Generally speaking dependency management is tricky business. We have services that are scanning our dependencies for known vulnerable versions like white source but even when a vulnerability is discovered it can take a while for it to be replaced with a secure version.
Even when that happens if the new version of the product requires a new payment then the user might not upgrade.
In thinking about this (having not yet read the linked articles) I think obsolete software is only a problem if it has a way to DIRECTLY interact with the user or the outside world. So for example it has to display an image from the users content and that image could be malicious and cause the program to misbehave. The lesson, then, as a software developer, is to absolutely limit unsanitized input (from the user or from the network) getting directly into borrowed code (code you didn’t personally write.) That, and having a plan to maintain your code, and ultimately to inform the user when you’ve stopped maintaining it and it’s become a hazard to them.

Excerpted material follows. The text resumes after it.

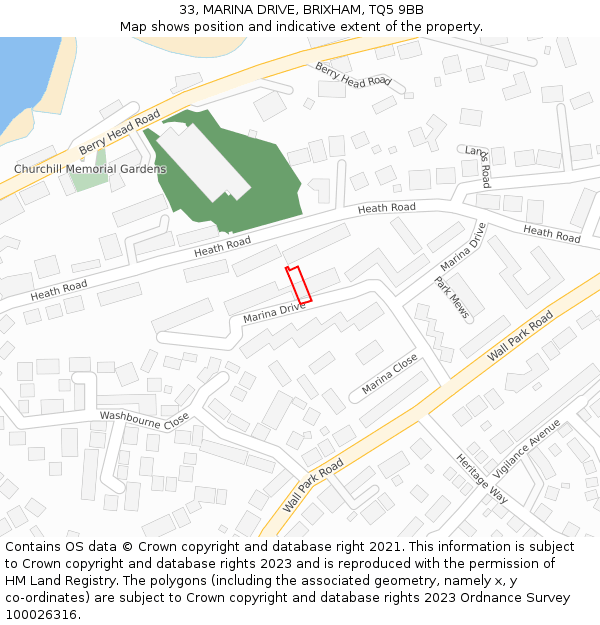 33, MARINA DRIVE, BRIXHAM, TQ5 9BB: Location map and indicative extent of plot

Yes, but most of the software is internet facing stuff, like SSL. That is its primary job and if that has problems, like downgrade attacks or stack overflow problems then these are critical elements.
I used to use Secunia PSI (another important free security tool taken away from the public) to scan my system regularly as it would find various DLLs and EXEs I never thought to look for, because I didn’t know they were installed with something else.

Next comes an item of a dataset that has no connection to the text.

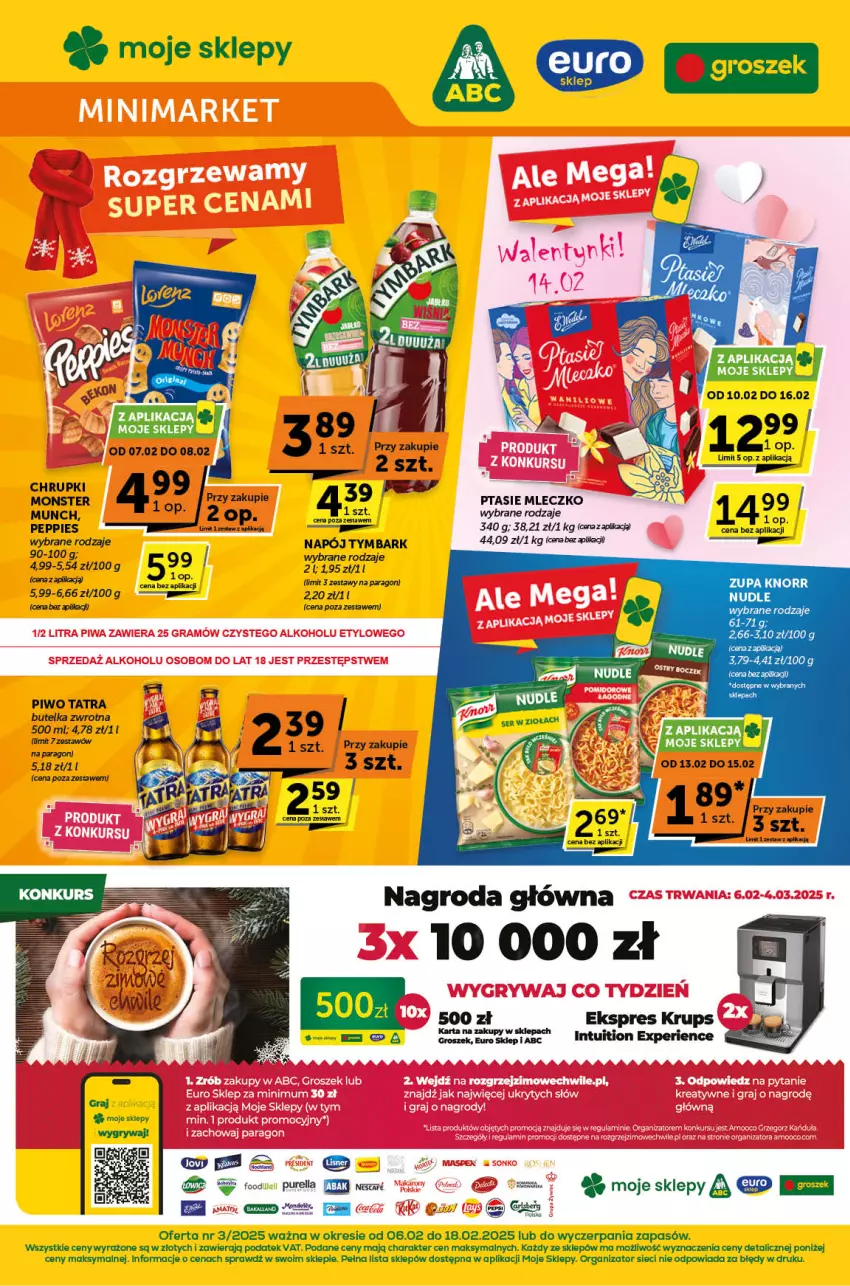 Gazetka promocyjna ABC - ważna 06.02 do 18.02.2025 - strona 1 - produkty: Chrupki, Groszek, Knorr, Krups, Mleczko, Piwo, Ptasie mleczko, Tatra, Tymbark, Zupa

I didn’t know i had nodejs or that it was outdated.
OpenSSL I know to look for as it is omnipresent in so many folders over the years.
Unlike the Amiga OS other lesser OSs never seemed to grasp the idea of shared Libs living in a Libs folder and reducing pointless replication.
Due to the way Windows software often adds its own location as a PATH this makes the location searchable without trying, so you could easily write a piece of software that uses old OpenSSL exploits and not supply it with the lib, so it will load the first it finds in the ENV paths.
Few authors push a new build of their software when the crypto lib it uses gets an update. They wait until they have their own updates to push.
Even when the open-source code is still being maintained it is all too common to see it ignored when an update of the main software happens.
A shinnig example of that is NCH software. They produce front-ends for open-source code but reuse the same core components they first get, meaning they now still supply brand new commercial software with openSSL and Lame encoder from 2005, and other equally crusty files.
Their support page of downloads for the components is like a walk through an old cover CD for a PC magazine.
Some of the projects use builds new enough you can manually update the old files, but often they are so old you have to find the last supported build that the software will actually load. Bad news for the OpenSSL libs as the last version of 0.9.x is exploitable, but not so bad for the codecs.
Trillian used to use its’s own update system to update the individual libs as and when new versions came online.
I don’t understand why this is not seen as the standard way to get updates.
Downloading huge distros just because a few components have been changed is insanity in my opinion. We used to see hotfixes as a fairly common thing in the days of modems and pay-as-you-go internet, so it is not a radical new idea.
There’s nothing wrong with borrowing code, quite the opposite when it’s good. But you have to do it right and maintain it properly, either by fixing it yourself or relying on the third-party’s updates, which, unfortunately, might break your product.
It’s not easy, however, if you’ve decided this is the way to go, you need to consider all the costs. Unless all you wanna do is save money and time by neglecting the included code base. Well, it will backfire sooner or later. And I doubt you’d communicate that fact to your users.